For this tutorial, I’m using Keith, which is the main character in a short film I created with Joseph Horowitz and Hannah Kim, also both art students at Carnegie Mellon.

STEP 1: Once you have your model completely done (plus transformations frozen and edit history deleted) you’re going to want to make a morph target for each phoneme. Motionbuilder’s Voice Device (which I’ll discuss later) has the following phonemes options:

AE, AO, AX, B, Breath, D, Default, F, FV, G, H, IY, K, KG, L, M, N, OW, P, PB, S, SH, Silence, SZ, SZH, T, TD, UH, UW, V, Z, ZH.

However, having morph targets for all these phonemes is overkill. It’s up to you to decide how many you need, but for a standard phoneme set, I’d use:

AE (as in “fat”), AO (as in “bought), AX (as in “skate”), FV, G, IY (as in “meet”), KG, L (if your character has a tongue), M, OW (as in “pow”), PB, S, SZH (like the “j” in “jaundice”), TD, UH (as in “duh), UW (as in “screw”).

Create a copy of your head geometry for each phoneme. Use the sculpting tools to sculpt the mouths into each individual phoneme.

Step 2: Once you have phoneme morph targets, select all of the morph targets, then select the character head geometry, and click Deform > Blend Shape.

Checking Local will make it such that the head does not move towards the morph target when the weight is increased. You can delete the targets later since the information is now on the head, but I like to keep them around in case I need to redo something.

Check your targets by into Window > Animation Editors > Shape Editor, which I believe is new in Maya 2017, or by looking clicking on the blendshape node in the “inputs” section of the Channel Box.

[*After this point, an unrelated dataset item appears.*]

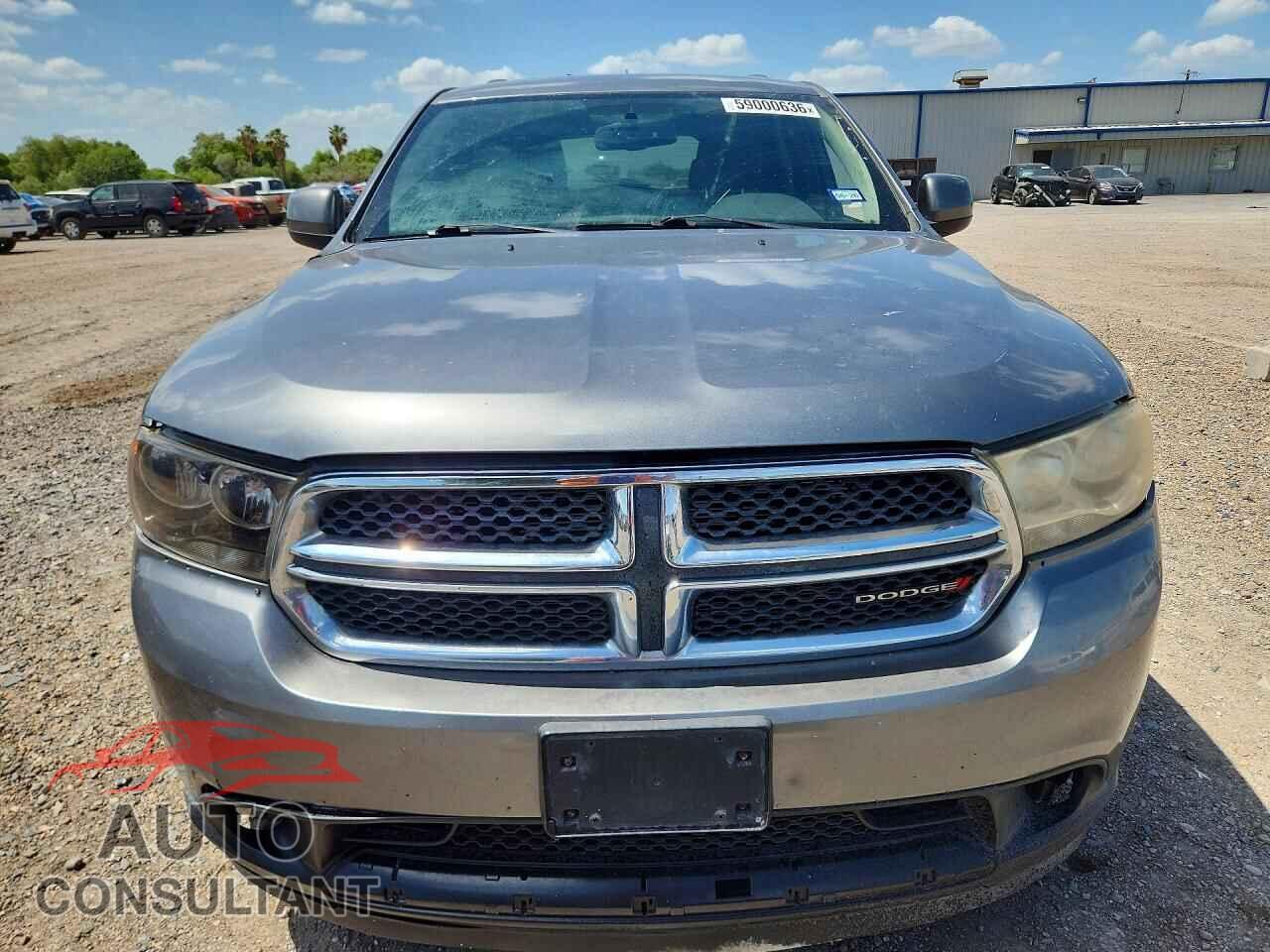 DODGE DURANGO 2013 - 1C4RDHAG2DC592897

You want all the morph targets for a particular model to be under one blendshape so that you can paint the weights. Check that all your deformers are working properly by dragging the sliders

You’ll notice that I also have blend shapes for the eyes to close. For any piece of geometry, you want to only have one actual blend shape, with multiple morph targets. This is kind of confusing, because often “blend shape” gets used as a stand in for “morph target.” If you need to add targets, instead of making a new blend shape, select the new morph target, then click on the blend shape in the Shape Editor, and click Create > Add Selection as Target.

Next, we’re going to paint the blendshape weight so that multiple blend shapes will be affecting the model at different times. Click on the head geometry, and go to Deform > Paint Weights | Blend Shape, and open the Tool Settings with the little box. †

Update: You don’t need to paint the blendshape weights because Maya doesn’t export the shape masks. This isn’t a big deal because Motionbuilder will combine blendshapes, so one deformation won’t override another. However, you can’t make multiple targets on the same model and then mask them out to make several unique targets — you need a unique piece of geometry for each target. See the updates at the top for more information. But I’m leaving this section about painting shape weights in for your educational purposes.

If you’ve ever painted skin weights, this tool is very similar. You can select the different morph targets and paint in areas of influence. This allows you to have multiple targets affecting a piece of geometry at the same time (for example, you can hit the AO phoneme and a blink at the same time). If you don’t paint weights, a single target will control the whole geometry, and you’d need an exponentially increasing number of targets for each possible facial position! Further documentation of this tool can be found in the Maya Manual.

Once you’re done with the blend shapes, you can finish the rest of your rig. Blend shapes should be done before skinning.

One thing to note: it’s totally possible to use the Voice Device with a rig setup using a joint-based facial rig (popular for games because it’s lighter than blendshapes)! I’ll talk about that at the end of this post.

Step 3: Now, we’re going to save the file and hop over into MoBu. If you have the same year of Maya and MoBu, you should be able to use the File > Send to Motionbuilder option. If not, you can export your rig as an FBX and open it in MoBu. Make sure to include blend shapes in your FBX export options.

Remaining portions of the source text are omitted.